__What this task involves__: Only the pictures are dropped. Restate each line below word for word.

__Given data__:
_ _ _ _
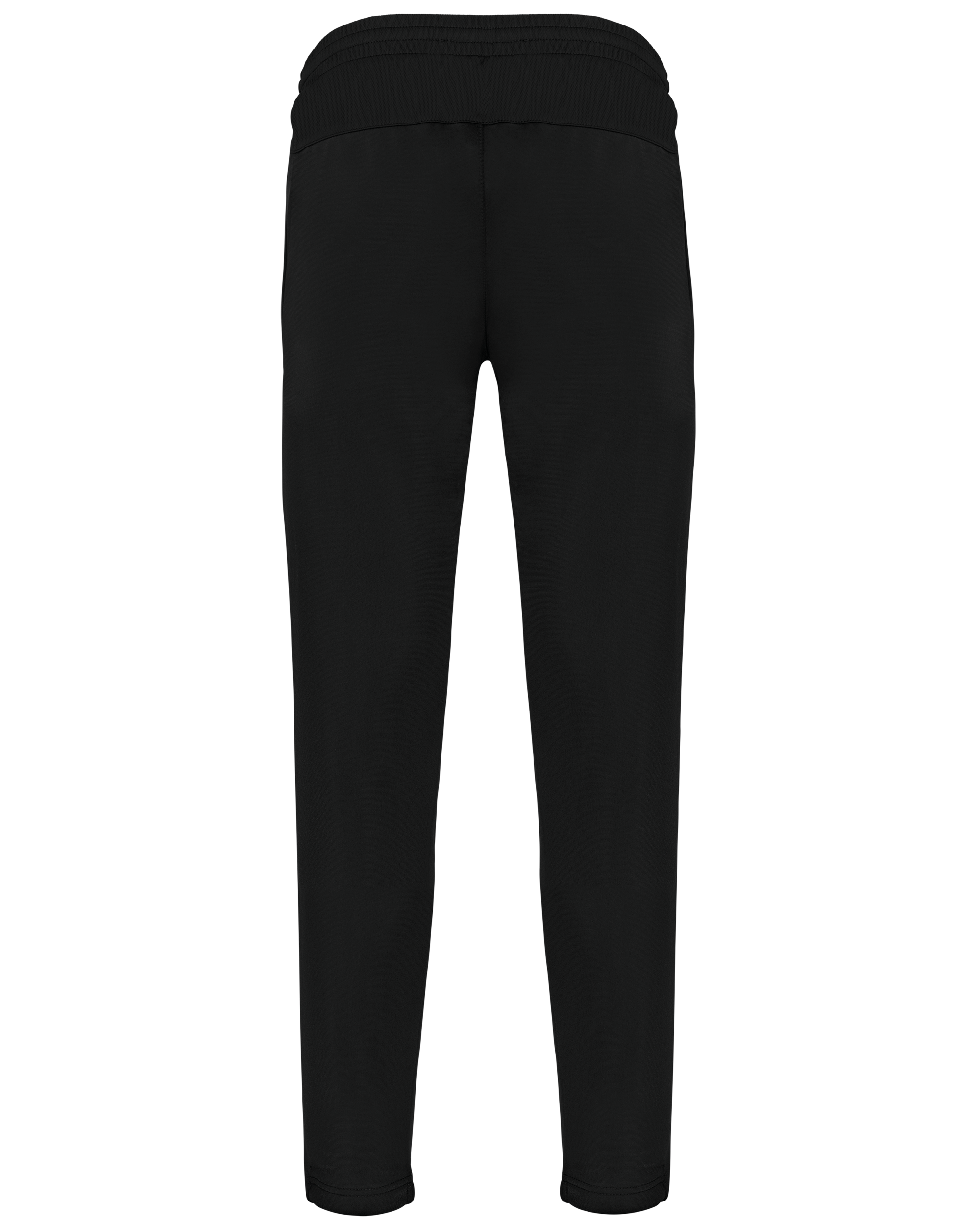 Dos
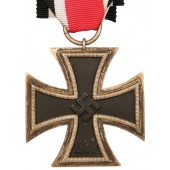 Eisernes Kreuz 2. Klasse 1939 PKZ 65 Klein & Quenzer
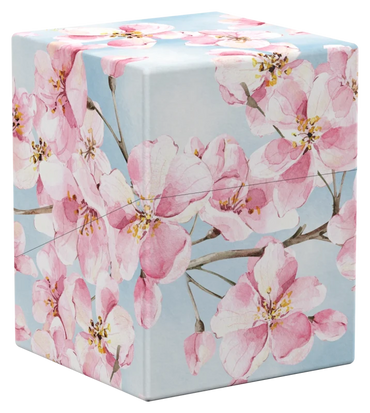 Ultimate Guard Boulder 100+ Cherry Blossom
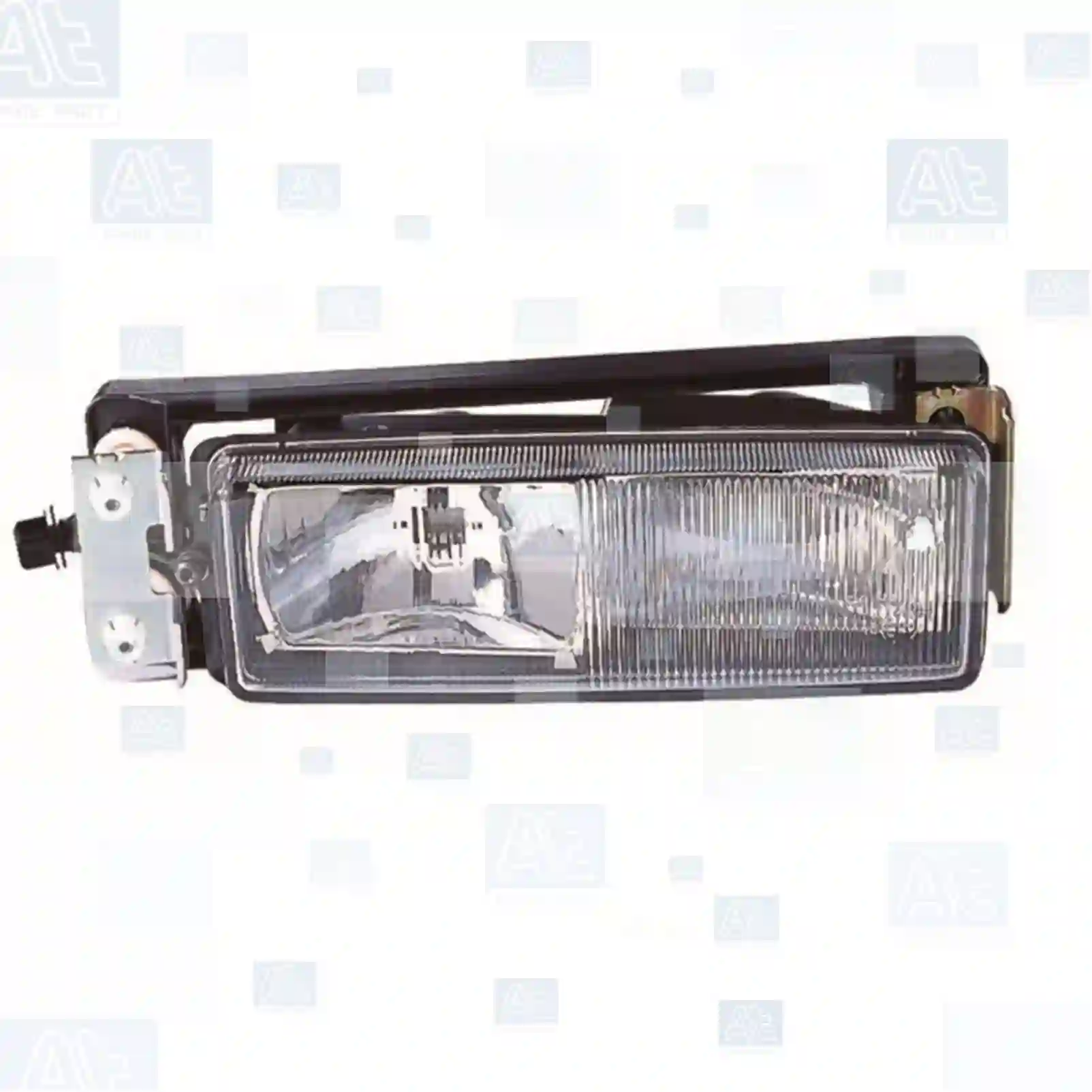 Spot Lamp Auxiliary lamp, left, at no: 77710838 ,  oem no:1328860, ZG20251-0008 At Spare Part | Engine, Accelerator Pedal, Camshaft, Connecting Rod, Crankcase, Crankshaft, Cylinder Head, Engine Suspension Mountings, Exhaust Manifold, Exhaust Gas Recirculation, Filter Kits, Flywheel Housing, General Overhaul Kits, Engine, Intake Manifold, Oil Cleaner, Oil Cooler, Oil Filter, Oil Pump, Oil Sump, Piston & Liner, Sensor & Switch, Timing Case, Turbocharger, Cooling System, Belt Tensioner, Coolant Filter, Coolant Pipe, Corrosion Prevention Agent, Drive, Expansion Tank, Fan, Intercooler, Monitors & Gauges, Radiator, Thermostat, V-Belt / Timing belt, Water Pump, Fuel System, Electronical Injector Unit, Feed Pump, Fuel Filter, cpl., Fuel Gauge Sender,  Fuel Line, Fuel Pump, Fuel Tank, Injection Line Kit, Injection Pump, Exhaust System, Clutch & Pedal, Gearbox, Propeller Shaft, Axles, Brake System, Hubs & Wheels, Suspension, Leaf Spring, Universal Parts / Accessories, Steering, Electrical System, Cabin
_ _ _ _
__Finished task__:
 Dos
 Eisernes Kreuz 2. Klasse 1939 PKZ 65 Klein & Quenzer
 Ultimate Guard Boulder 100+ Cherry Blossom
 Spot Lamp Auxiliary lamp, left, at no: 77710838 ,  oem no:1328860, ZG20251-0008 At Spare Part | Engine, Accelerator Pedal, Camshaft, Connecting Rod, Crankcase, Crankshaft, Cylinder Head, Engine Suspension Mountings, Exhaust Manifold, Exhaust Gas Recirculation, Filter Kits, Flywheel Housing, General Overhaul Kits, Engine, Intake Manifold, Oil Cleaner, Oil Cooler, Oil Filter, Oil Pump, Oil Sump, Piston & Liner, Sensor & Switch, Timing Case, Turbocharger, Cooling System, Belt Tensioner, Coolant Filter, Coolant Pipe, Corrosion Prevention Agent, Drive, Expansion Tank, Fan, Intercooler, Monitors & Gauges, Radiator, Thermostat, V-Belt / Timing belt, Water Pump, Fuel System, Electronical Injector Unit, Feed Pump, Fuel Filter, cpl., Fuel Gauge Sender,  Fuel Line, Fuel Pump, Fuel Tank, Injection Line Kit, Injection Pump, Exhaust System, Clutch & Pedal, Gearbox, Propeller Shaft, Axles, Brake System, Hubs & Wheels, Suspension, Leaf Spring, Universal Parts / Accessories, Steering, Electrical System, Cabin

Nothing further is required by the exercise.